Peuple de gauche et citoyenneté

Chers camarades de gauche, vous qui errez misérablement une lanterne à la main, à la recherche d’un être providentiel digne de votre allégeance, quand donc vous aviserez-vous que votre quête est inutile, que vous prenez la question par le mauvais bout et qu’il ne s’agit pas tant de trouver un nouveau candidat pour le peuple de gauche que de susciter un nouveau peuple de gauche avec des partisans décidés à abattre l’ancien Régime ? Alors peut-être surgiront de vos rangs non pas un(e) représentant(e) d’exception, mais des milliers de citoyen(ne)s dignes de ce nom qui accepteront de se fatiguer un peu à gérer ensemble les affaires publiques.

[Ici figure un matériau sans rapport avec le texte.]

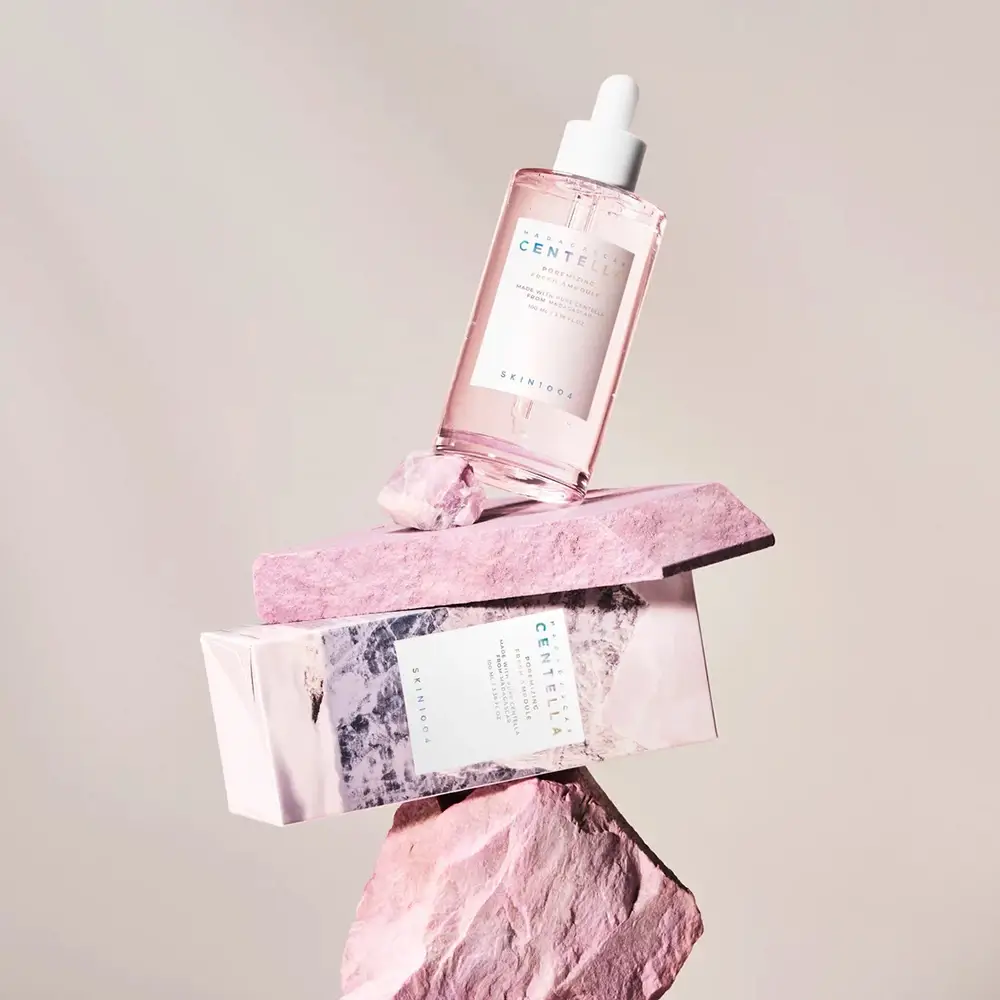 SKIN1004 Madagascar Centella Ser pentru fata Poremizing Fresh - Minimizare pori si hidratare intensa, 100 ml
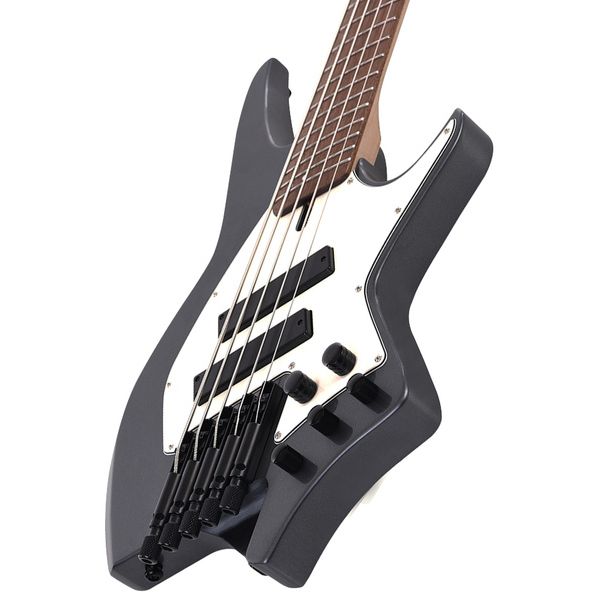 Hils HNB5 Gun Metal Grey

Le monde moyen de la classe moyenne, à laquelle malheureusement vous et moi appartenons sociologiquement, est un monde plutôt abject. C’est le propre des classes moyennes de tous les temps. Reprenez vos livres d’histoire, vous verrez que c’était déjà vrai du temps de Périclès, de l’empereur Auguste, ou de Napoléon III, ou de la Florence des Médicis, ou du Chili de Pinochet, etc., toujours et partout où les riches, les seigneurs, les patriciens, ont eu besoin d’aides et de complices pour domestiquer et tondre les pauvres.
Les structures objectives des rapports sociaux de domination sont implacables. Encore les classes moyennes d’autrefois (celles par exemple du Ve siècle av. J.-C. à Athènes, de la Renaissance en Italie, ou de notre âge classique) ont-elles été capables d`apporter des contributions importantes à la montée de civilisations brillantes et fécondes. Ces classes moyennes avaient encore des idéaux et croyaient encore avoir un autre destin que celui de servir les puissants et même si elles bafouaient souvent leurs valeurs dans la pratique, elles n’avaient pas encore placé inconditionnellement le Capital au sommet de la hiérarchie.
Aujourd’hui, ne croyant plus en rien qu’en l’argent, ses pouvoirs et ses plaisirs, nos classes moyennes font encore mine d’honorer la Vertu, mais en réalité ce n’est plus qu’un masque pour aller au bal des Travestis.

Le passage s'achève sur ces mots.